After this lecture you will understand:
The concepts behind tests of goodness-of-fit and association
How to read tables and figures of counts
How to calculate the \(\chi^2\) statistic
How to interpret and report significance tests of \(\chi^2\)
The relationship between association and causation
To start, an dicey 🎲 example to get the key ideas
Refresh concepts of probability, frequencies, and counts
Introduction to the \(\chi2\) test statistic
I want to know if my four-sided die (d4) is fair
If it is, each number should come up with equal probability
So, if I roll the dice 100 times, each number should come up (approximately) 25 times
Dice Roll | Observed Count |
---|---|
1 | 25 |
2 | 29 |
3 | 24 |
4 | 22 |
These numbers are not exactly 25 each
The Fundamental Question
Are these proportions what we would expect if the die were fair? Are they different enough to believe the die is not fair?

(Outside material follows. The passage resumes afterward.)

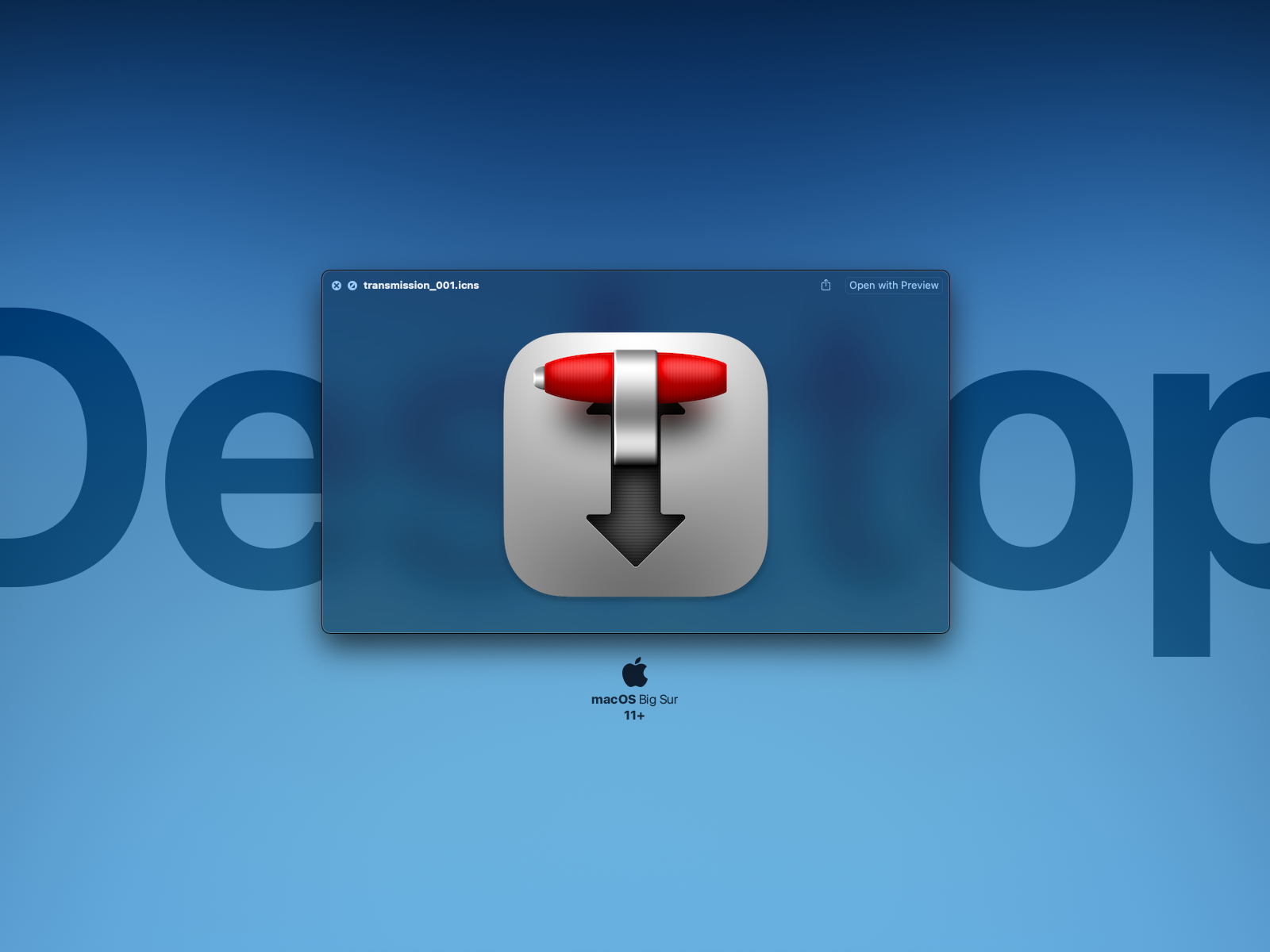 Transmission macOS Big Sur Icon by Pablo Melo on Dribbble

How different are the observed counts from the expected counts?
Dice Roll | Obs. Count | Exp. Count |
---|---|---|
1 | 25 | 25 |
2 | 29 | 25 |
3 | 24 | 25 |
4 | 22 | 25 |
\(\chi^2 = \frac{(25-25)^2}{25} + \frac{(29-25)^2}{25} + \frac{(24-25)^2}{25} + \frac{(22-25)^2}{25}\)

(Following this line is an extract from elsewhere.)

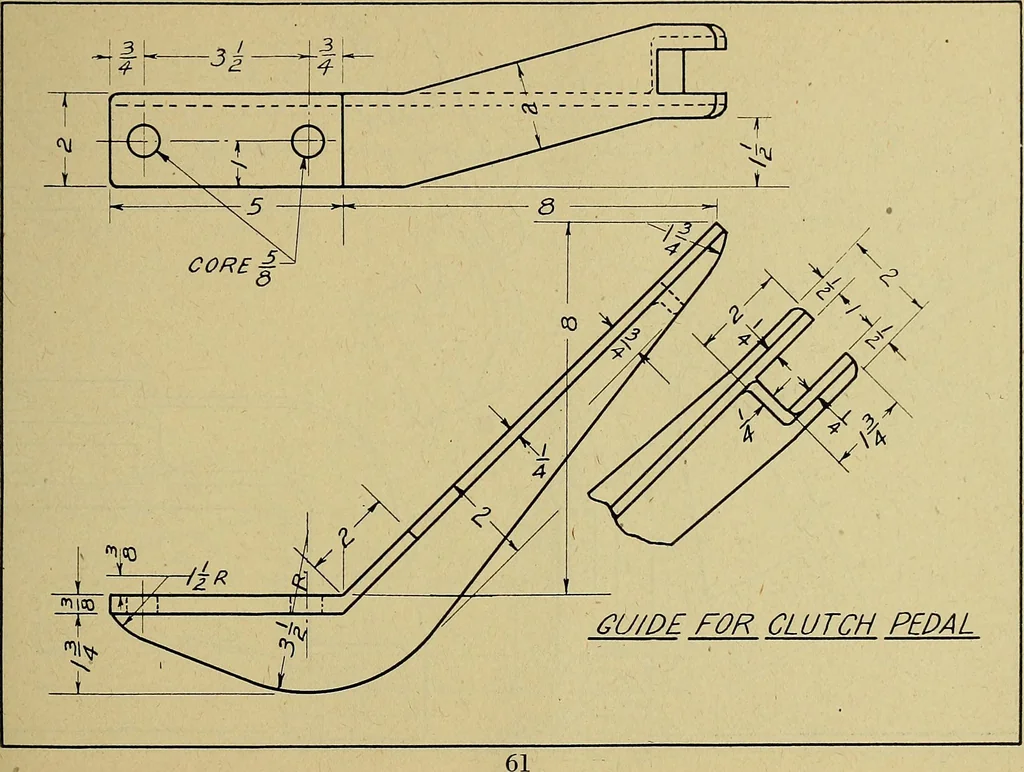 An illustration from Practical problems in mechanical drawing and blueprint reading, 1921, leaf 62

\(\chi^2 = \frac{0}{25} + \frac{16}{25} + \frac{1}{25} + \frac{9}{25}\)
\(\chi^2 = 0 + 0.64 + 0.04 + 0.36\)
\(\chi^2 = 1.04\)
Vocabulary: Observed counts
The number of occurrences in each category observed in the sample.

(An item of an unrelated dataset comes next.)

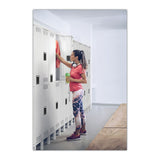 Tennsco Single-Tier Locker with Legs, Three Lockers with Hat Shelves and Coat Rods, 36w x 18d x 78h, Medium Gray (TNNSTS1218723MG) Each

Vocabulary: Expected counts
The number of occurrences in each category expected under the null hypothesis.
Vocabulary: \(\chi^2\)
The test statistic \(\chi^2\) represents the sum of the squared (and scaled) differences between observed and expected counts.
We’ve calculated a test statistic, \(\chi^2\), that represents the thing we are trying to test
Compare our test statistic to the distribution of that statistic
IMPORTANT: These distributions assume that the null hypothesis is true!
Here, our null hypothesis is that the die IS fair
Unfortunately test statistics like the one we have are not normally distributed
No problem - we just have to use a different distribution!
Meet the \(\chi^2\) distribution
The sum of squared normal distributions
See this excellent Khan Academy explainer for more!
Degrees of freedom determine the distribution’s shape and proportions
At base, they are the number of values that are free to vary
Consider your module quiz scores: let’s say you want an overall quiz mark of 5/7 (or 71.43%)
Week of Term | Quiz Score | Rolling Mean |
---|---|---|
Week 3 | 6 | 6 |
Week 4 | 4 | 5 |
Week 5 | 2.5 | 4.17 |
Week 6 | 6.5 | 4.75 |
Week 8 | 4 | 4.6 |
Week 9 | 7 | 5 |
Week 10 | 3 | 4.71 |
Week 11 | ??? | ??? |
The last value must have a particular value in order to work out to the desired mean
\[\frac{6 + 4 + 2.5 + 6.5 + 4 + 7 + 3 + ???}{8} = 5\]
Here, df = 7
One less than the number of scores
Other degrees of freedom have a similar idea, just calculated differently
Important
You do NOT need to know how to calculate degrees of freedom!
You must know how to report it from the output, and have some idea of what it does.
Look at the distribution for 3 degrees of freedom
What percentage of the distribution is greater than or equal to 1.04?
The sum of squared differences between our expected and observed counts ( \(\chi^2\) ) was 1.04
For a \(\chi^2\) distribution with 3 degrees of freedom, this value is extremely common under the null hypothesis!
If our die is fair, our data are extremely likely
To believe that the die was not fair, we would have to observe test statistic of > ~7.8 (\(\alpha\) = .05)
If only there were an easier way to do this…!
\(\chi^2\) quantifies how different a set of observed frequencies are from expected frequencies
We can follow the usual steps of our analysis:
Obtain data
Calculate test statistic
Compare to distribution
Obtain p-value
Evaluate hypotheses
Vocabulary: \(\chi^2\) Goodness of Fit Test
Tests whether a sample of frequency data came from a population with a specific, known distribution.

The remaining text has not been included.